Attaching laterally to a load-bearing wall:
- The mount should extend about 0.5 m above the roofline and be attached to the building for a length of at least 1 m, with at least 3 anchors/bolts. The ratio of freestanding part to bolted part should be approximately 1:3.
- The bolts/anchors must penetrate directly through the mount, e.g., no u-bolts, channel lock systems, brackets with metal ties/clamps. Spacers to keep the mount from sitting flush against the wall are acceptable.
Attaching vertically to a master wall:
- A bolt or rod must be anchored into a load-bearing wall. Take care not to void a roof warranty.
- Avoid metal flashing on a parapet wall.
Typical exploded diagram
It is also good advice to ground each component of the installation.
The most challenging aspect of any Reference Station installation is the IT segment. It can present challenges from a variety of sources:
- Installers not familiar with IT
- Complex, managed IT environment
The requirements are not complicated and are relatively simple, provided you know what to ask for. Several Quick Guides are available on myTopcon to assist with familiarization.

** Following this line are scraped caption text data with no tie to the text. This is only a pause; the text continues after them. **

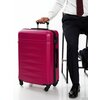 Фото #2 Комплект из 2-х пластиковых чемоданов с узором Ромба, цвет Фуксия, размер L+M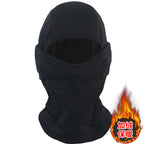 Camouflage Fleece-Lined Hood for Cycling, Dustproof, Men's Warm Fishing Mask, Face Covering, Face Protection, Windproof Hood, Winter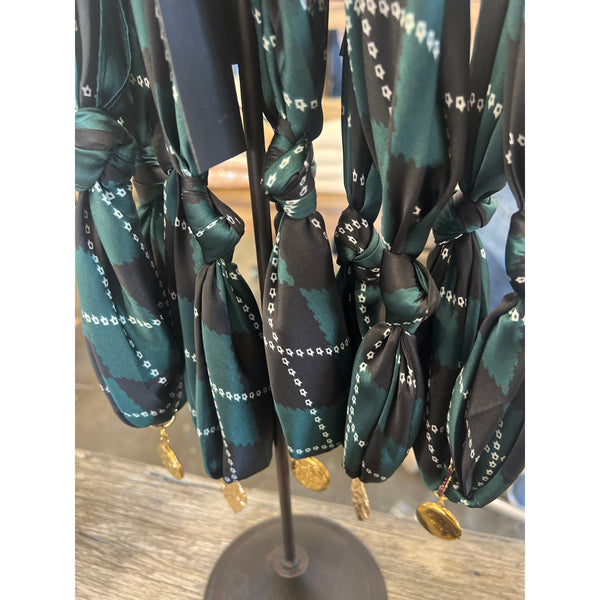 Plaid Scarf Necklace - Joanna A. Boutique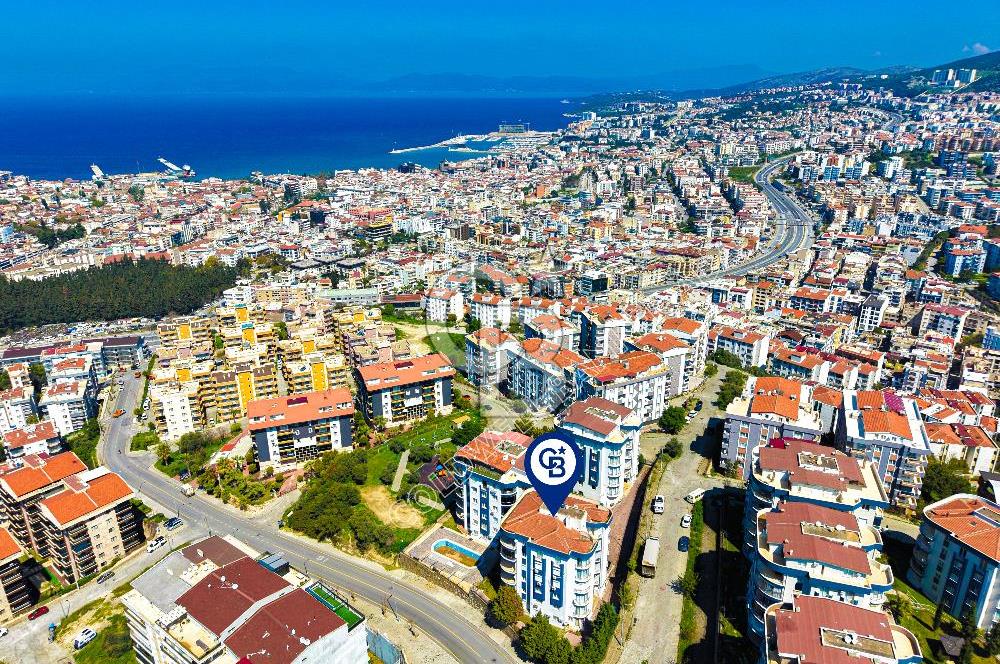 Kuşadası Kapalı Mutfak Deniz Manzaralı Satılık 3+1 Daire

GNSS Receiver Configuration via TRU
- Connect the receiver to the PC/Laptop. This can be done through the Serial A/B port, with the appropriate cable.
- Launch TRU.
- Once TRU is launched, verify the app is in Receiver Managing mode. This is relatively straight forward by selecting the Device menu and hovering the mouse over the Application Mode option. Receiver Managing should be selected.

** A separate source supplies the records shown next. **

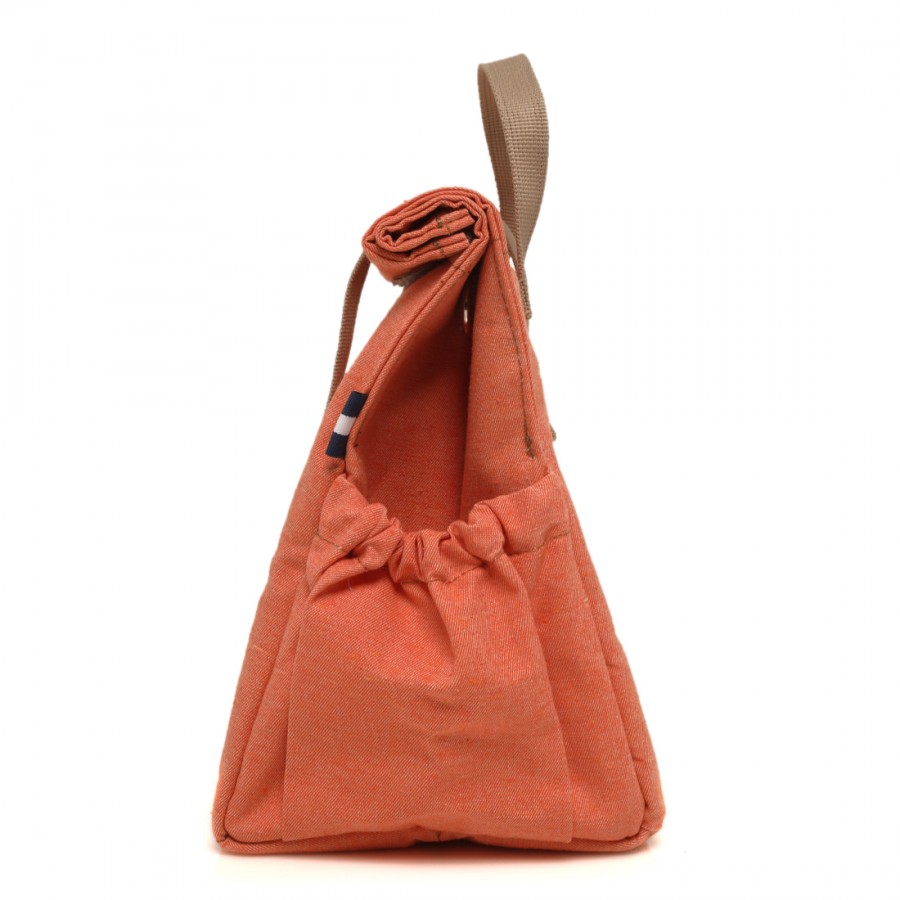 Orange with Beige Straps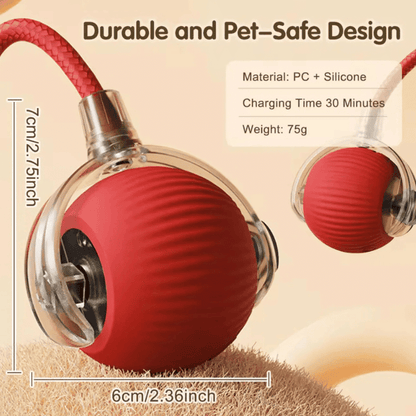 PawSpin™ Smart Interactive Rolling Ball for Cats & Dogs - BrinoaPawSpin™ Smart Interactive Rolling Ball for Cats & DogsPawSpin™ Smart Interactive Rolling Ball for Cats & Dogs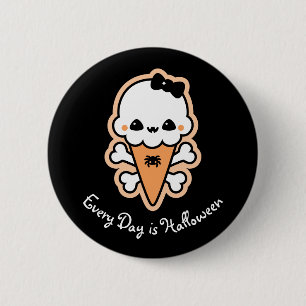 Creepy Cute Ice Cream Cone 6 Cm Round Badge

- From the Device menu, select Connect.
- Once connected, the settings for the Network configuration are located in the Receiver Settings portion of TRU. Single click Receiver Settings to advance to the next screen.
- There are many options in the Receiver Settings window of TRU. To configure the receiver for a network connection, select the Network icon.

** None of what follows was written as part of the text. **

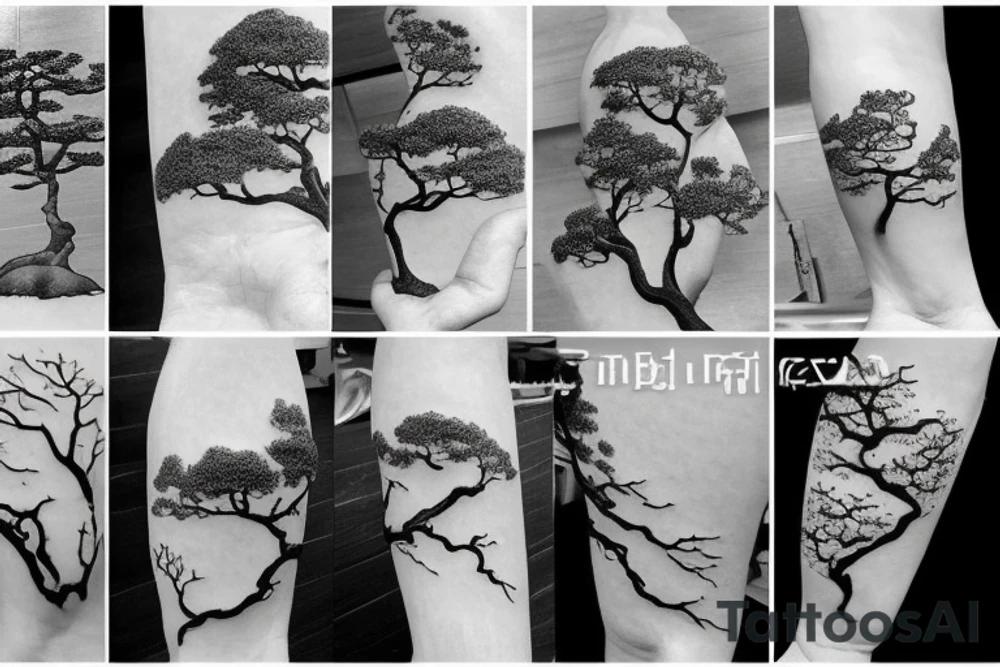 bonsai tree tattoo idea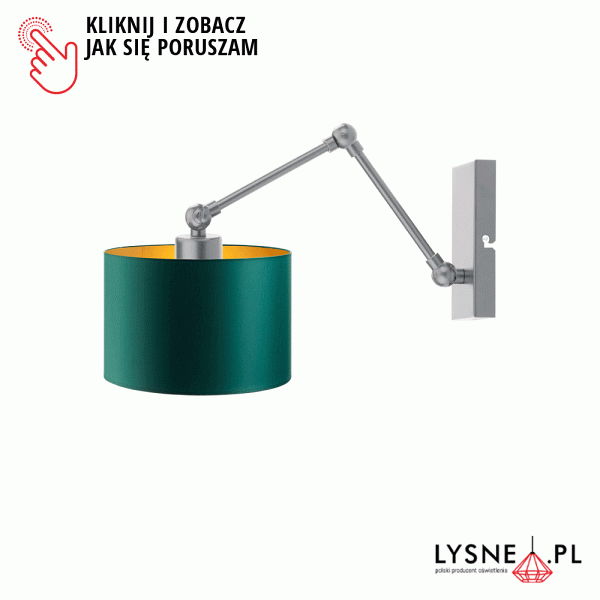 Lampa Nowoczesna  ścienna TULON GOLD  Lysne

The Network icon opens the dialog box to configure the receiver with the appropriate network configuration. It is important to note that these configuration items must match the local area network in which the MR-2 will reside. If not, the receiver cannot be reached from anywhere in the network. If possible, have an IT professional onsite to assist with assigning an IP address in the LAN subnet.
There are 3 key pieces of information needed.
- This will be the unique address to the receiver.
- Defines the range of IP addresses allowed within the subnet.
- Routes unique IP address responsible for the routing of all devices in the LAN subnet.
After setting up the Network Configuration on the receiver, it is best the verify the TCP settings. From the same Network window, select the TCP tab. There are only 2 fields that need to be verified: Timeout and Password. The Timeout field needs to be set to something greater than zero, and the Password can be set to whatever is desired.
Once these steps are completed, click OK in the upper right corner. TRU will prompt for a reset. Accept and allow the receiver to reset.